On October 8, 2013, Hinsley was convicted by a federal jury in Pocatello on count eight of the indictment that charged him with interstate transportation of property taken by fraud. The jury was unable to reach a unanimous verdict on the remaining seven counts, including charges of wire fraud and mail fraud. Prior to sentencing, the defendant and the government entered into a post-trial agreement in which the government agreed to dismiss the remaining counts and the court could consider “relevant conduct” in determining Hinsley’s sentence.
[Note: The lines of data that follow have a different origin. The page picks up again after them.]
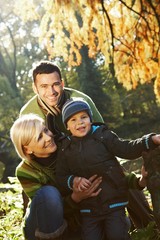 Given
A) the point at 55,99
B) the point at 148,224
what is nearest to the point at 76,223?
the point at 148,224

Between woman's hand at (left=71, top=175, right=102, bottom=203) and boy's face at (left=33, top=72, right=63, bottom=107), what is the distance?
3.22 feet

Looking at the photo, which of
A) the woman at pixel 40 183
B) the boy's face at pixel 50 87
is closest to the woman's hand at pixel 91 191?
the woman at pixel 40 183

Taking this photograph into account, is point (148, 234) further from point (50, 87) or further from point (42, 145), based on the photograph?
point (50, 87)

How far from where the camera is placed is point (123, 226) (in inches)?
99.3

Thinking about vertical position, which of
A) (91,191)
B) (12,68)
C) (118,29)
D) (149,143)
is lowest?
(91,191)

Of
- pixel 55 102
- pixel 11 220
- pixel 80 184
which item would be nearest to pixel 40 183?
pixel 80 184

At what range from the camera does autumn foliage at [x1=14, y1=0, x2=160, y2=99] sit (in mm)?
4008

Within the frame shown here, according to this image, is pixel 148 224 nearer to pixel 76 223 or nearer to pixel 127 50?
pixel 76 223

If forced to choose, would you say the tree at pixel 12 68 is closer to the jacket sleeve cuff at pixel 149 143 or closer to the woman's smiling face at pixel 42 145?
the woman's smiling face at pixel 42 145

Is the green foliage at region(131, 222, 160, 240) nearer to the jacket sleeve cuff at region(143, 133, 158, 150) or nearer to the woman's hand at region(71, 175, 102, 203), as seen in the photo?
the woman's hand at region(71, 175, 102, 203)

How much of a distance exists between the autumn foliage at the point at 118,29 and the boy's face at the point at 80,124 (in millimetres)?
1781

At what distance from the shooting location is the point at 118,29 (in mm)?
4410

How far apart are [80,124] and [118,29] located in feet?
7.51

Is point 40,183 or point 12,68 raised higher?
point 12,68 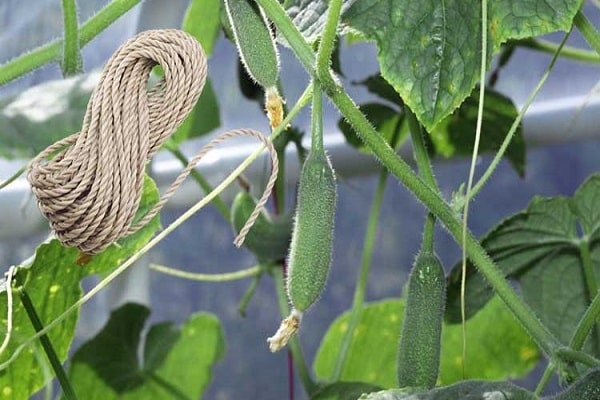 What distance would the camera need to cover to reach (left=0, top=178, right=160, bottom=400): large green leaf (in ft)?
3.03

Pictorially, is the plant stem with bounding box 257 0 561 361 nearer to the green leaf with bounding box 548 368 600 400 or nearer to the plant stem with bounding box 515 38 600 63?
the green leaf with bounding box 548 368 600 400

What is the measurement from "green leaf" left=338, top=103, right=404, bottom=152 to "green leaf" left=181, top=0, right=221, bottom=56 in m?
0.21

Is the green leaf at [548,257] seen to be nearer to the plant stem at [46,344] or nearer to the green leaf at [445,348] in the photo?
the green leaf at [445,348]

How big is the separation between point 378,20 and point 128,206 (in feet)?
0.81

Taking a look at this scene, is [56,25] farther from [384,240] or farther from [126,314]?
[384,240]

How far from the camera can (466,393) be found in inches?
28.8

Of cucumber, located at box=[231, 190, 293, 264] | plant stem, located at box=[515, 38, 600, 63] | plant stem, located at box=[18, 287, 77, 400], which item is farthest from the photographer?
plant stem, located at box=[515, 38, 600, 63]

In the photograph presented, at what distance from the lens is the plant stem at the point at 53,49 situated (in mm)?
811

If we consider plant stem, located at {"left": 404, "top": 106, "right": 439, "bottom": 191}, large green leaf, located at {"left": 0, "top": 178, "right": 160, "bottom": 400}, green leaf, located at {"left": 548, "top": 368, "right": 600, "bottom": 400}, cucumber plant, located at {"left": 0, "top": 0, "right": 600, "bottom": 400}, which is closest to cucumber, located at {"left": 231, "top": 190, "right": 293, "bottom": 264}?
cucumber plant, located at {"left": 0, "top": 0, "right": 600, "bottom": 400}

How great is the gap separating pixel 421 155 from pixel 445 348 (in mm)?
635

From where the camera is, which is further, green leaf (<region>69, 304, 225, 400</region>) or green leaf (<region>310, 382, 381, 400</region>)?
green leaf (<region>69, 304, 225, 400</region>)

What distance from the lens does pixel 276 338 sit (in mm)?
687

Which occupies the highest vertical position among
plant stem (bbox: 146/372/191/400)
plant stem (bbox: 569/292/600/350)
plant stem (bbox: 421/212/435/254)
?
plant stem (bbox: 421/212/435/254)

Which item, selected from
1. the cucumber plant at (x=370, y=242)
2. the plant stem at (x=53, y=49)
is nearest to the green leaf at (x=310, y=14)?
the cucumber plant at (x=370, y=242) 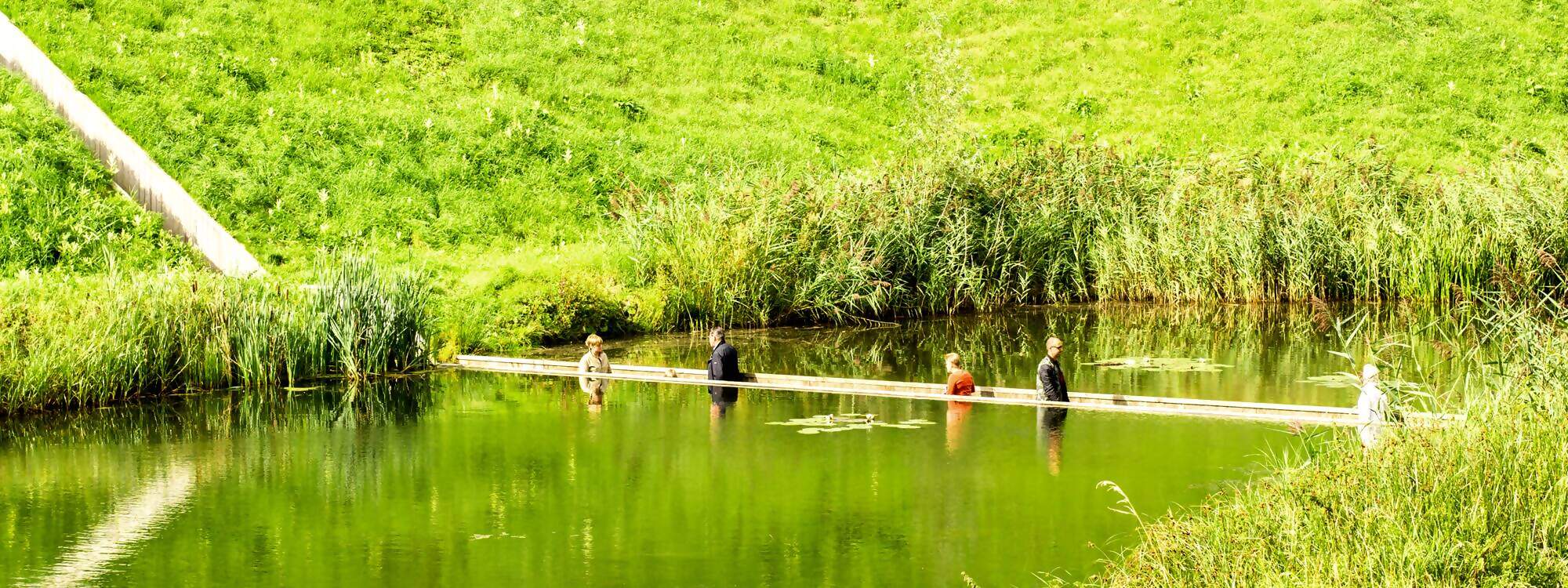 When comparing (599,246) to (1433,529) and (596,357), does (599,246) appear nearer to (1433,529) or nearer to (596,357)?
(596,357)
During the six-day trial, the jury heard evidence that between 2004 and 2008, Hinsley, who was the sole owner and operator of Galaxy Coin LLC, a business located in Idaho Falls, schemed to defraud investors by obtaining money in connection with what he represented as securities issued in the form of investment contracts for speculating in the silver market. According to the evidence, Hinsley transmitted account statements and letters regarding the status of investments, by wire and the U.S. Postal Service. Hinsley did not register the securities he was selling and he was not a registered securities broker-dealer.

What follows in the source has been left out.